Bryan Peña admits a robot would have passed him over for a job years ago.
Today, he’s the senior vice president of contingent workforce strategies at Staffing Industry, a global recruitment and workforce research and advisory firm.
But Peña’s career followed an unusual route: once an actor, he moved his way up through the entertainment industry before a dramatic pivot into a senior role at a global manufacturing firm.
En route, he encountered a boss who taught him an important recruiting lesson that's stuck with him to this day: hire the person, not the résumé.
“I did not have any direct experience but I had somebody who believed in me and gave me my first opportunity, that I never would have got,” Peña says.
“If it was today and I submitted my résumé through traditional means, or even if he recommended me, I don't think I would have made it through the interview process.”
By proving himself in that role, Peña ended up where he is today: an expert in workforce strategy and research.
“None of this would have happened if it wasn't somebody who saw my potential and took a risk, and that is my fear – that HR will miss that human experience of believing in another person.”
He’s concerned that robots and algorithms replacing recruiting staff will cost companies great talent down the track.

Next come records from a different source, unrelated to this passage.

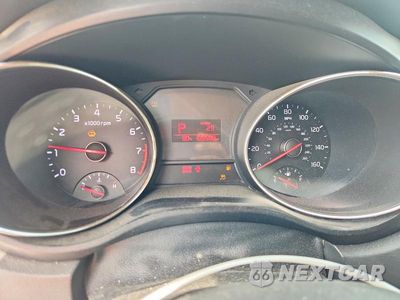 Zdjęcie 9 z 13 samochodu: 2016 KIA SEDONA LX VIN:KNDMB5C19G6111120 - miniatura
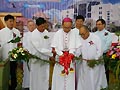 Hua Hin, Thailandia - 24 gennaio 2008 - Mons. Joseph Prathan Sridarunsil, salesiano vescovo della diocesi di Surat Thani, taglia il nastro inaugurale dell`edificio scolastico.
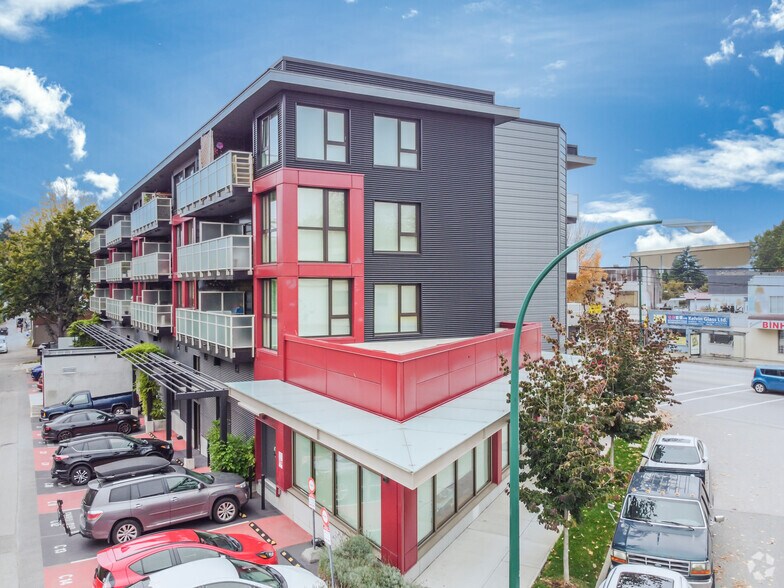 1716-1730 Kingsway, Vancouver, BC à vendre - Photo de l’immeuble – Image 3 sur 3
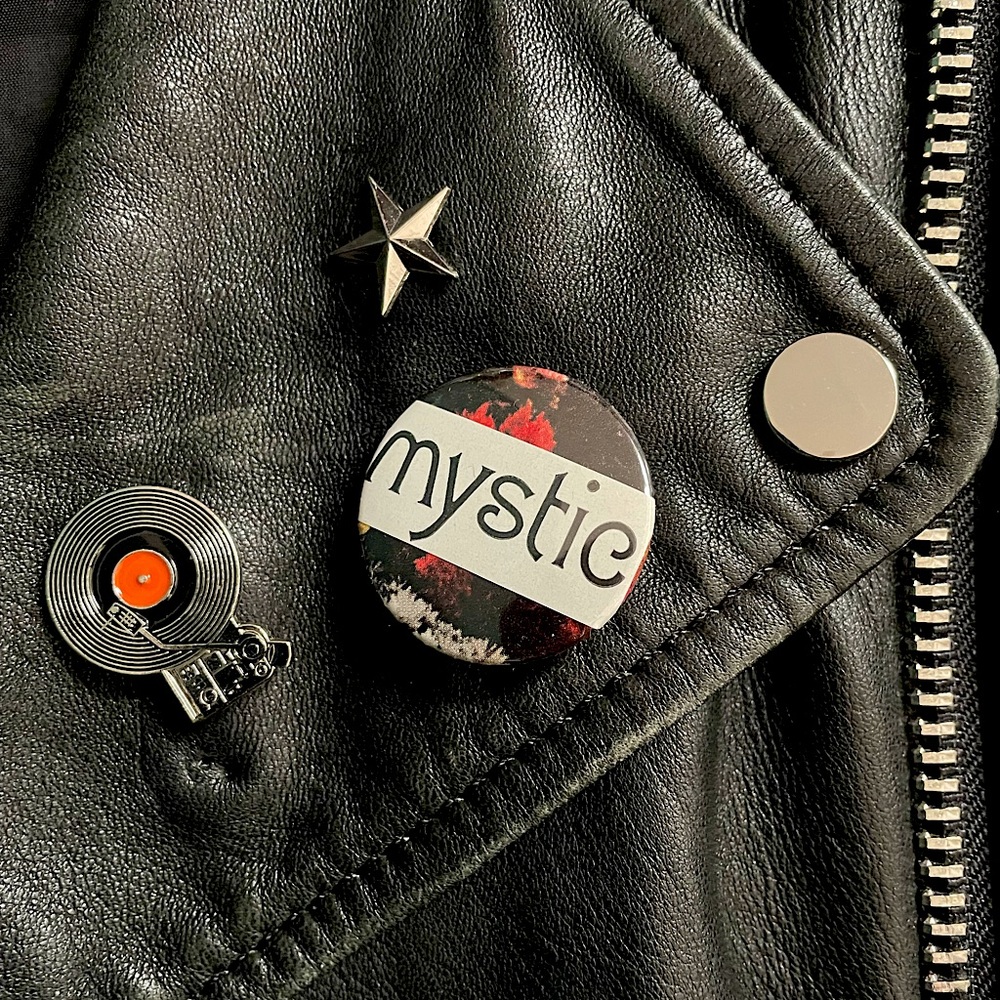 Vintage floral button pin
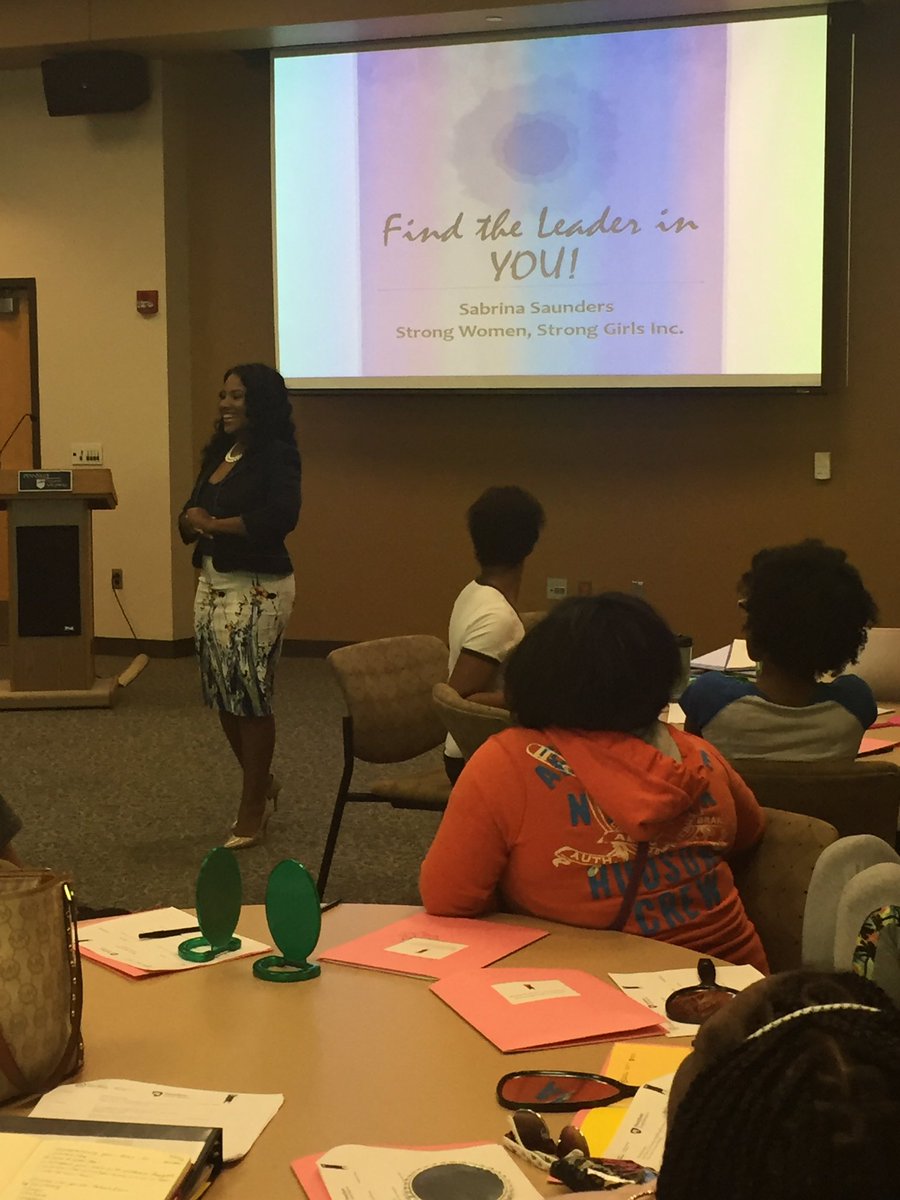 Nia_joi's tweet photo. Second session! #BFLDI #BlackMindsMatter https://t.co/1PJEO5D0fe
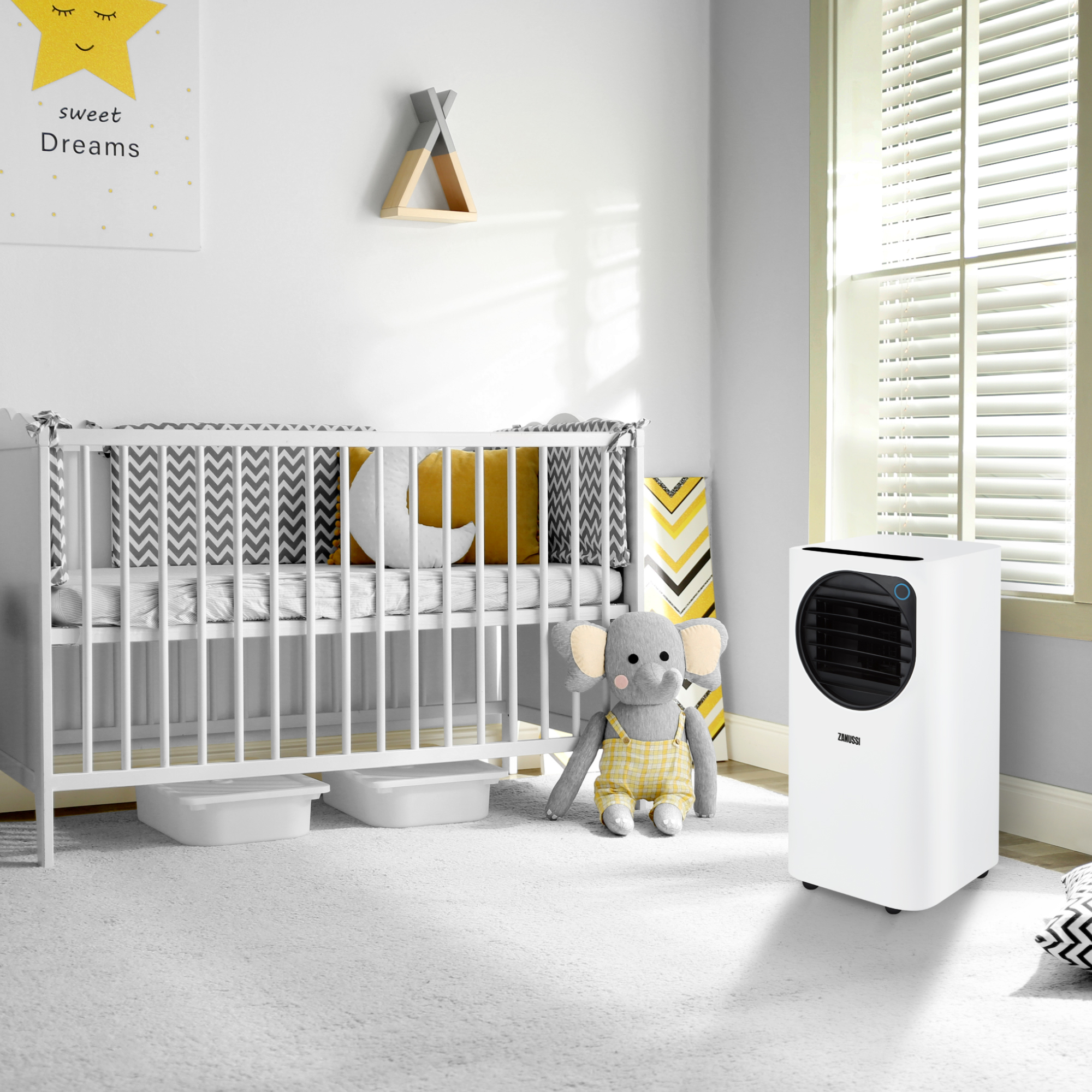 363932_zanussi_mobile_air_conditioner_interiors_eclipse_zacm_up_2000x2000_2
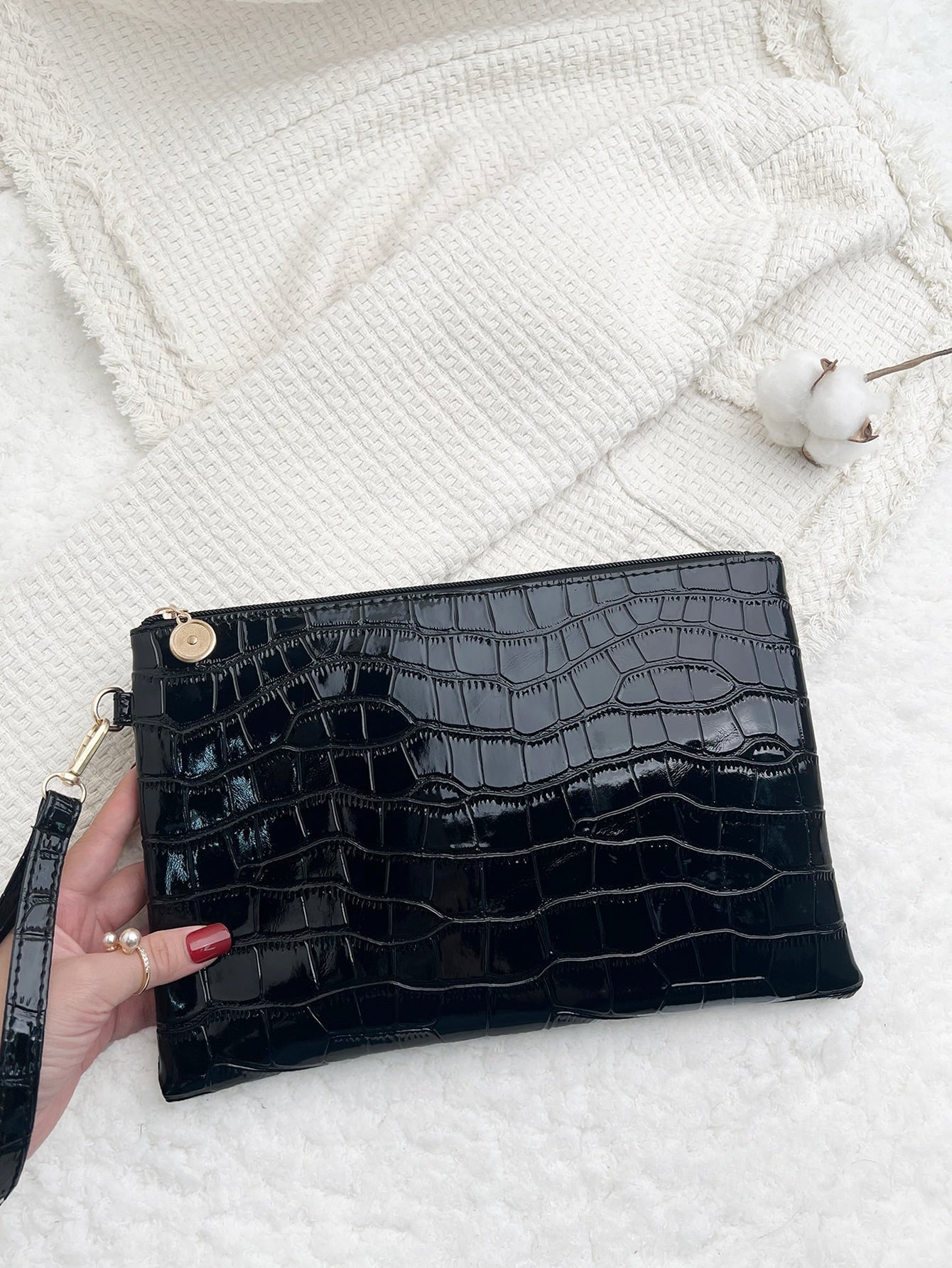  | SHEIN Crocodile Embossed Clutch Bag With Wristlet | Wallet | Shein | OneHub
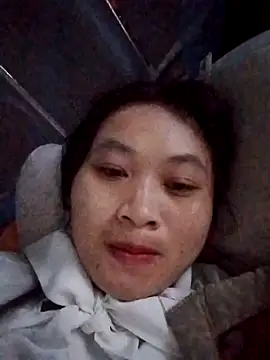 lusy-bae online show from September 29, 2025, 2:18 am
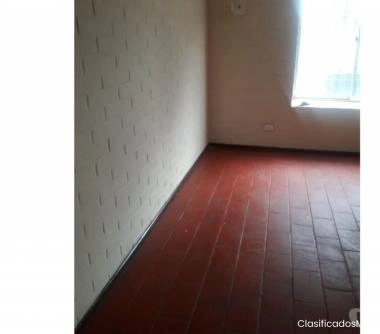 CASA DOS PISOS EN PEÑAFLOR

“With all of this, all of the technological advancements and all the changes in how HR does business and all the reliance on different sorts of technology services, we're going to miss the opportunity of giving someone a change in career, or to be able to find a person who could proceed in a role that's not directly associated,” Peña says.
“There's always going to be a need for a person to give that person a chance, and I think that's going to be missed in the future.”
Although technology can make recruiting cheaper, Peña warns it's creating another issue: finding and hiring the talent before your competition does – using the same systems as you are.
“It's going to be harder to find those candidates, the good candidates, because one of the challenges with technology is that the ability to differentiate is that much less.”